ISIL’s defeat in Kobane further shatters the organisation’s claims to invincibility, particularly as it coincides with the group’s retreat from Kurdish and other Iraqi forces in northern and central Iraq.
ISIL has not officially reacted to the Kurdish statements about its defeat in Kobane city proper. But many ISIL members took to social media to post messages of denial and support for fellow fighters in Kobane.
|Kurds on verge of ‘taking full control’ of Kobane|
One account that appeared to belong to an ISIL member or sympathiser posted a snapshot of tweets from international news outlets regarding Kurds’ victory in Kobane and urged fellow ISIL members not to trust such reports.
Kurdish officials in Kobane say they still have to “cleanse” the remnants of ISIL’s presence in the city.
“There are many mines and bombs planted around,” said Idriss Naasan, the deputy foreign minister of Kobane’s administration.
“There are also many corpses of Daesh fighters that need to be removed.”
The final push against ISIL inside Kobane city occurred on Monday as Kurdish forces regained control of Kaniye Kurdan and Miktel neighbourhoods on the eastern edges of the city.
The operation was aided by as many as 17 air strikes carried out by the US-led coalition on Sunday and Monday, according to an announcement from the US military.
Following the victory in Kobane, images spread on social media of jubilant local forces dancing to the tune of Kurdish songs. Kurdish civilians in Syria, Turkey, Iraq, Iran and as far as Europe took to the streets to celebrate the “liberation” of Kobane – a city that has become a powerful symbol of resistance and nationalist aspirations for Kurds.
This sends a message to the coalition and the world that Daesh can be eliminated if there is a determined fighting force on the ground such as the Kurds in Kobane … with the major impact that airstrikes can have.
Kobane has been under varying degrees of siege since the summer of 2013 by different groups, including some brigades of the Free Syrian Army (FSA), and later ISIL.
ISIL launched a major offensive on Kobane in September in an attempt to control much of the lengthy border between Syria and Turkey. In a matter of days, the group swept through Kobane’s countryside, and at one point had taken over most of the city itself, except for a couple of square kilometres still under the Kurds’ control.

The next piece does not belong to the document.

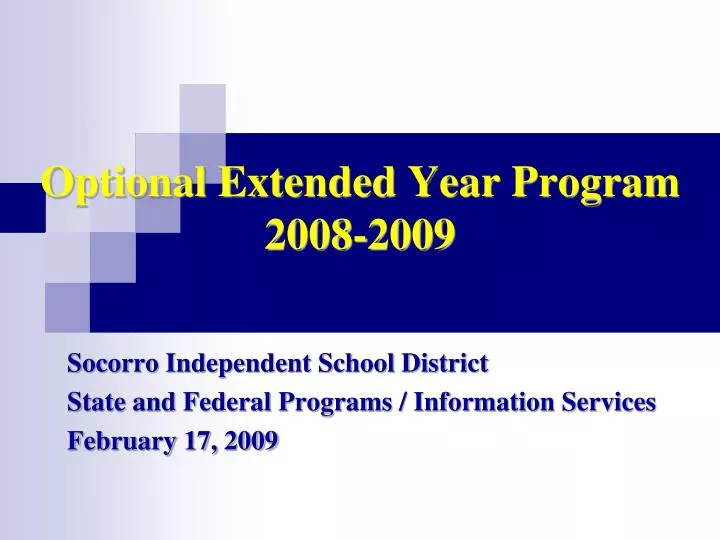 optional extended year program 2008 2009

But a series of images shot just a few hundred metres away – by journalists positioned on the Turkish side of the border with Kobane – of the battle inside the city prompted an international response.
On September 23, US aircraft bombed ISIL positions in Kobane. A month later, Turkey allowed Iraqi Kurdish Peshmerga forces equipped with heavy weapons to cross its territory to assist the anti-ISIL forces in Kobane.
Beside the People’s Protection Units (YPG) and the Peshmerga, a number of FSA groups, such as the Northern Sun and Euphrates Volcano, also fought against ISIL in Kobane. The success in Kobane appeared to be against all odds as even US military officials predicted the city would fall despite their own heavy air campaign. According to some estimates, as much as 70 percent of coalition airstrikes occurred in the Kobane area.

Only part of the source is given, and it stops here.